If posterity has been unsparing (and bipartisan) in its critique of Hoover, it's still mild compared to the open hostility he faced in his own time. Hoover's reelection campaign launched in the darkest days of the crisis: Unemployment hovered at roughly 25%; over 5,000 banks were under water; a drought ripped through the heartland. The campaign was over before it started. Heckled mercilessly, pelted with rotten produce, Hoover wasn't even safe on his campaign train. In Wisconsin, a man was caught pulling up railroad spikes ahead of the Hoover express, and in Nevada, two more men were discovered attempting to sabotage the tracks with dynamite. "A walking corpse" by the end, Hoover slouched through Election Day, the loser in 42 out of 48 states.
It was his first and final elected position, and the defeat must have stung all the worse for the contrast with his glittering, pre-presidential triumphs. For Hoover, the presidency was the culmination of a storybook career that had taken an orphan boy to the pinnacle of business success, then into international humanitarian work, and only then into politics. Hoover, it can be said, came to the White House fully formed--and already wildly famous around the world.
The man who left office a national pariah was, only a decade and a half before he entered politics, a genuine international hero. His early career gave rise to present-day crisis response and helped form America's modern approach to conflict--although that legacy remains buried by economic wreckage.
Two weeks shy of Hoover's 40th birthday in 1914, Archduke Franz Ferdinand of Austria was assassinated, the Austro-Hungarian Empire invaded Serbia, and Europe erupted into war. A week later, Germany invaded neutral Belgium in an effort to cut through to France. Though the Belgians resisted, the Germans outmatched and overpowered them. Britain, meanwhile, blockaded Belgium's ports in an effort to squeeze the Germans into submission.
At the war's outset, the Belgians imported three-quarters of their food, but between an occupying army and a blockading navy, supplies began to run dangerously low.
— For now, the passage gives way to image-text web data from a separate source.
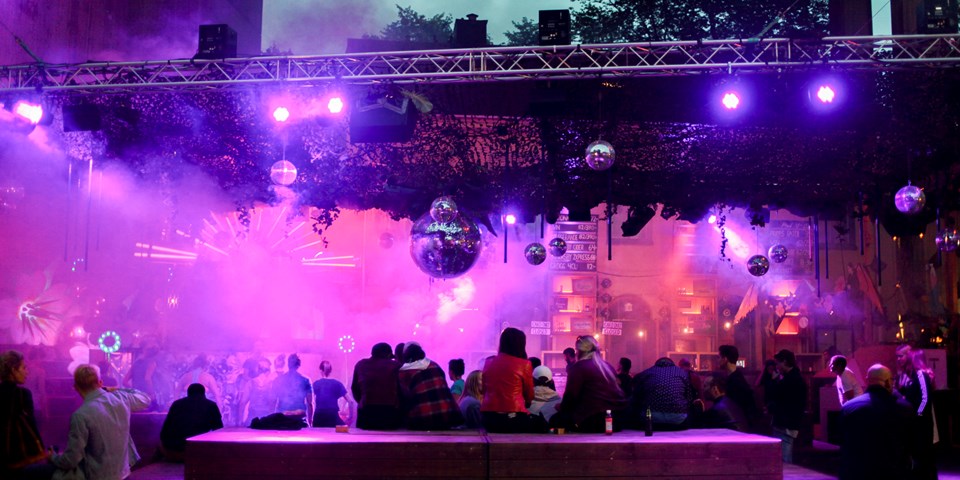 Människor sitter och samtalar och dansar på nattklubb Trädgården. Foto.
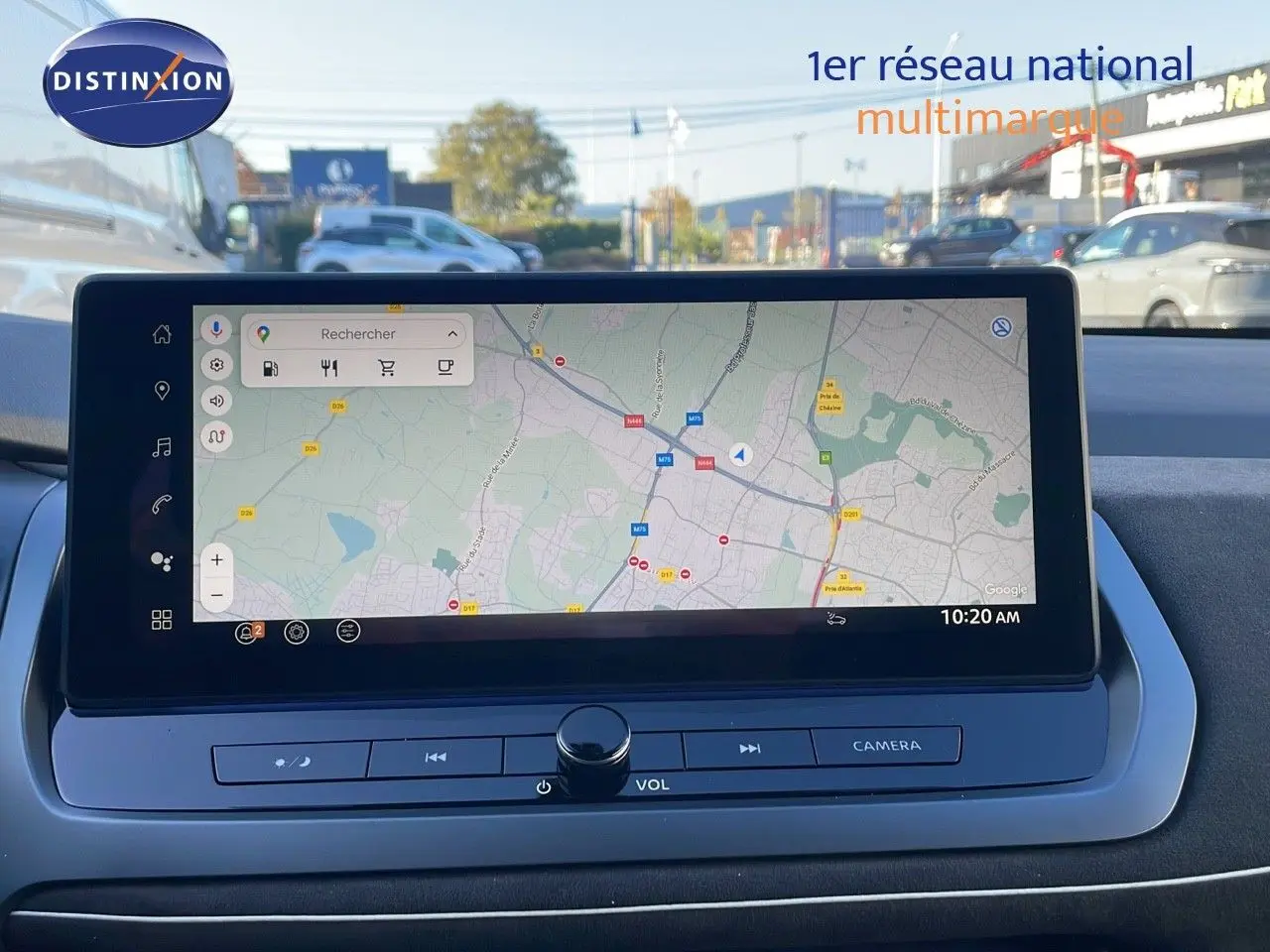 Écran tactile central du Nissan Qashqai blanc nacré, affichant une carte GPS avec commandes multimédia en bas.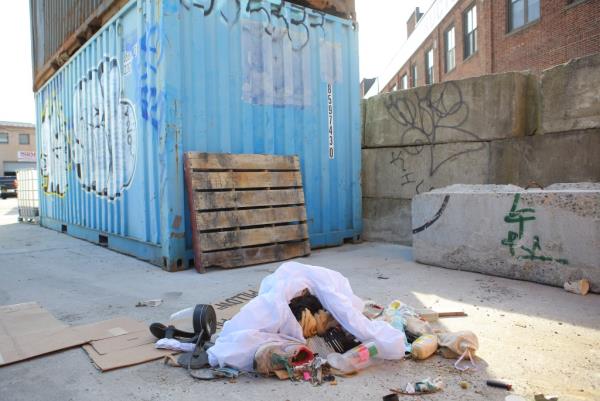 Migrants in a shelter sleeping on the ground amo<em></em>ngst piles of trash with curfew at 11pm – 6am. Manager claims they use co<em></em>ntainers as bathrooms.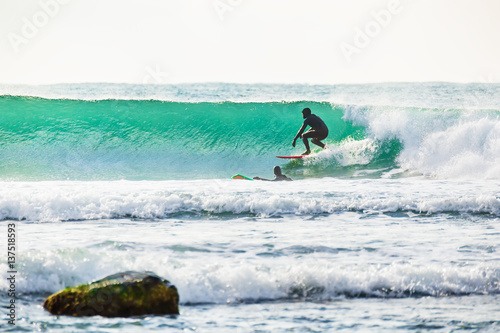 Surfing and turquoise wave in ocean. Sunny day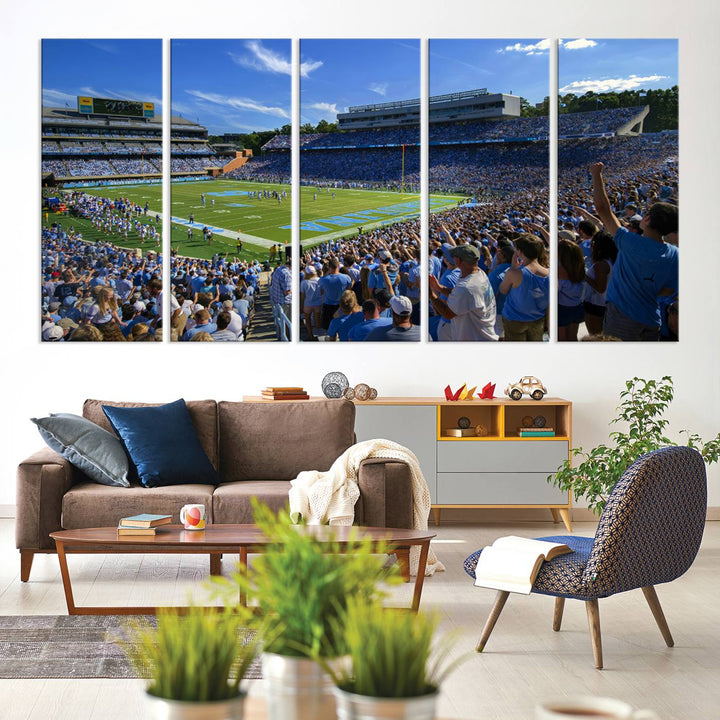 A gallery-quality canvas wall art print featuring the University of North Carolina Tar Heels Football Team and Chapel Hill's Kenan Memorial Stadium adorns the cafe wall.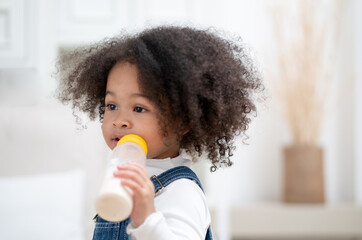 Cute curly hair biracial little girl sucking milk from bottle. Hungry kid holding milk bottle happy eating at home. Innocence childhood lifestyle.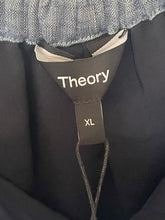 Load image into Gallery viewer, Close-up of a Theory label on a garment with 'XL' size tag.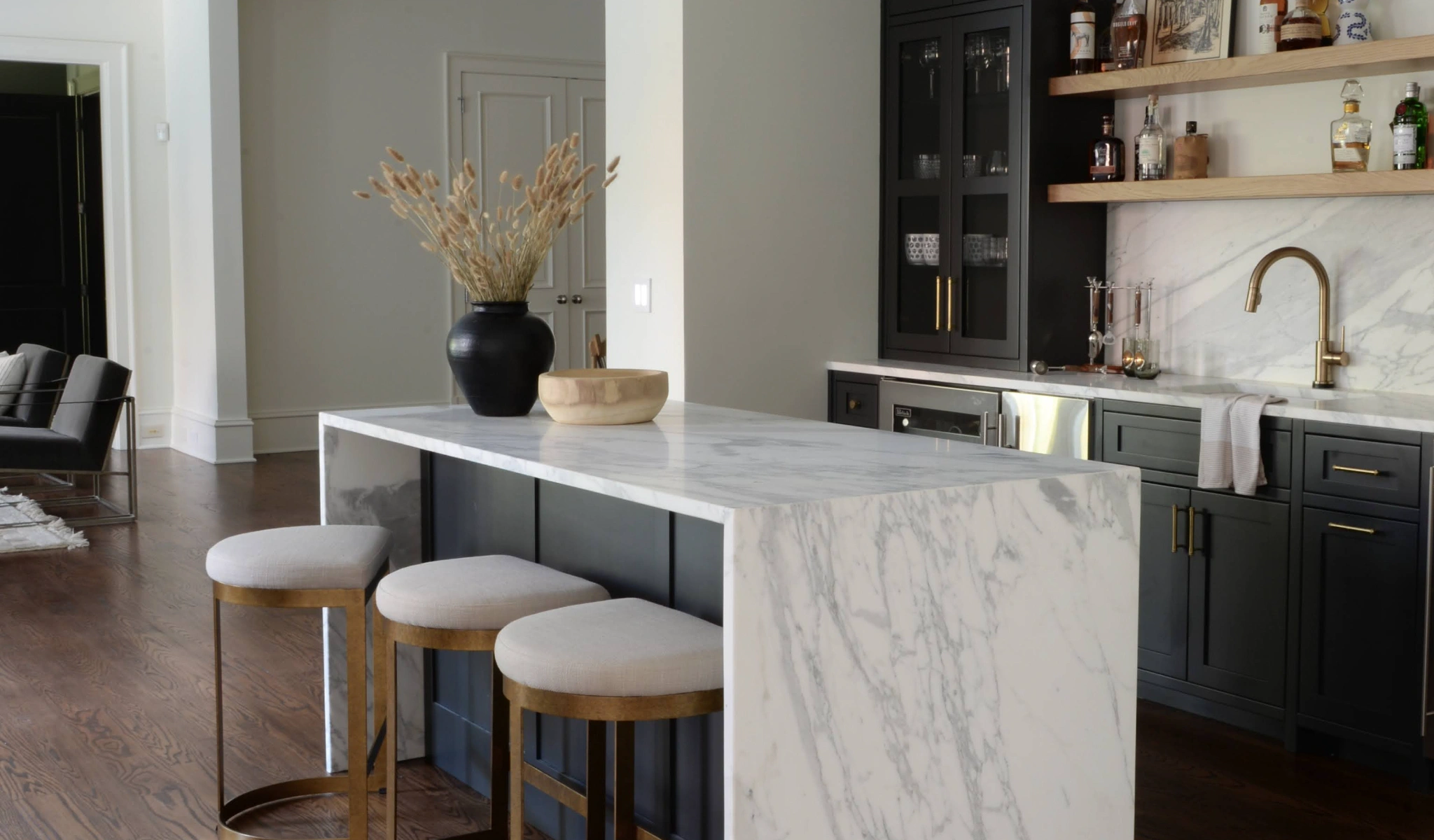 A kitchen with a marble counter top and bar stools.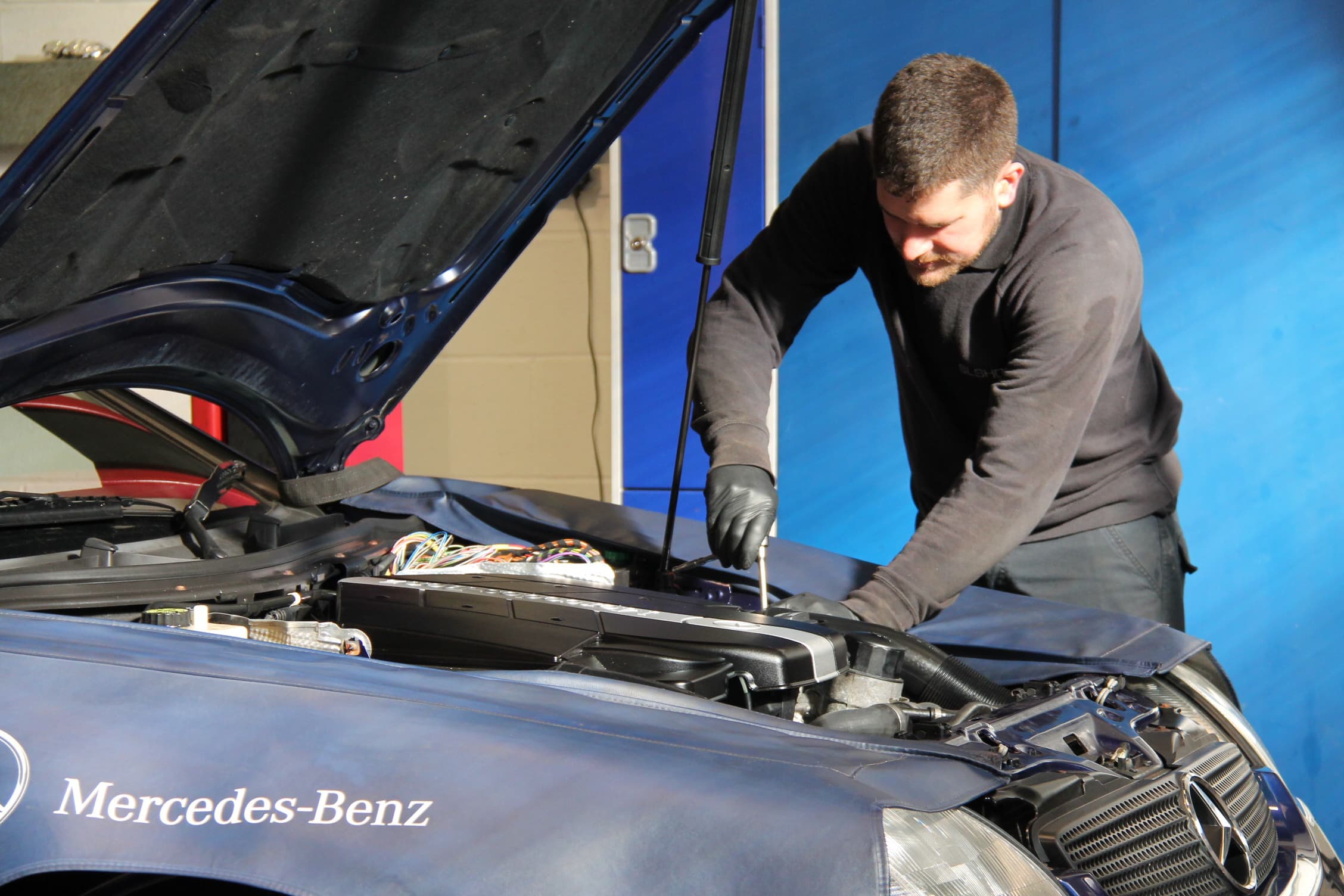 Mechanic removing engine cover on a R129 SL.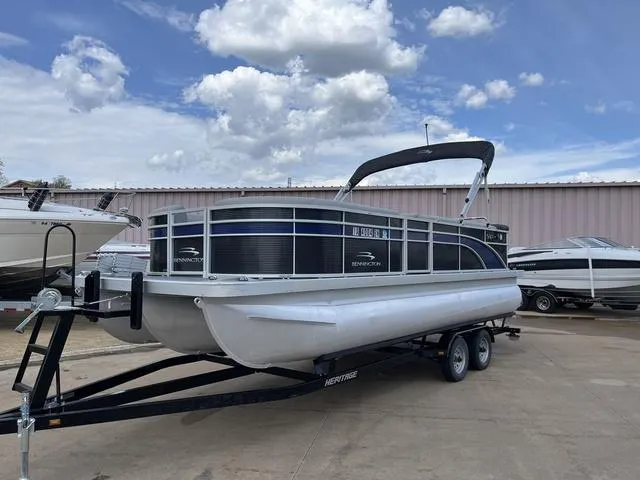 Slide: The Image of 2020 Bennington 22 SLX pontoon boat on trailer, parked outdoors under a cloudy sky. - 2
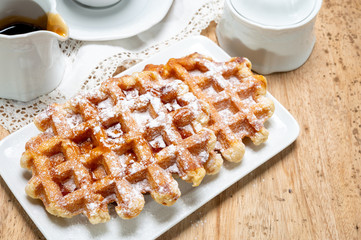 Tasty Belgian dessert, Brussels waffles with syrup and white sugar powder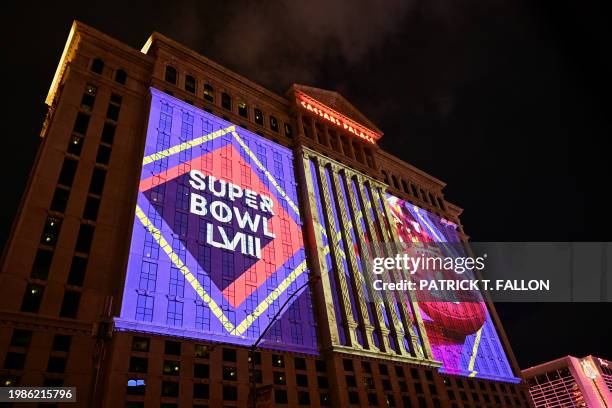 Super Bowl LVIII football logos are projected on the side of Caesars Entertainment, Inc.'s Caesars Palace Las Vegas Hotel and Casino ahead of Super...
Whatever stocks of food Belgium had in reserve were either destroyed or commandeered by the German army, and that year's harvest was ruined. Before long, it was clear that Belgium was descending into a starvation crisis--and that neither the British nor the Germans were going to offer succor.
For Hoover, the crisis couldn't have come at a better time. A self-made, prosperous mining engineer with almost 100,000 people in his employ, he was living in London, helping Americans abroad return home, and growing increasingly antsy about how to spend his days. He had achieved private success but ached for public significance. "Just making money isn't enough," he sighed to a friend. He was desperate to find some way onto what he later called "the slippery road of public life." The Belgian crisis, he could see, was tailor-made for him.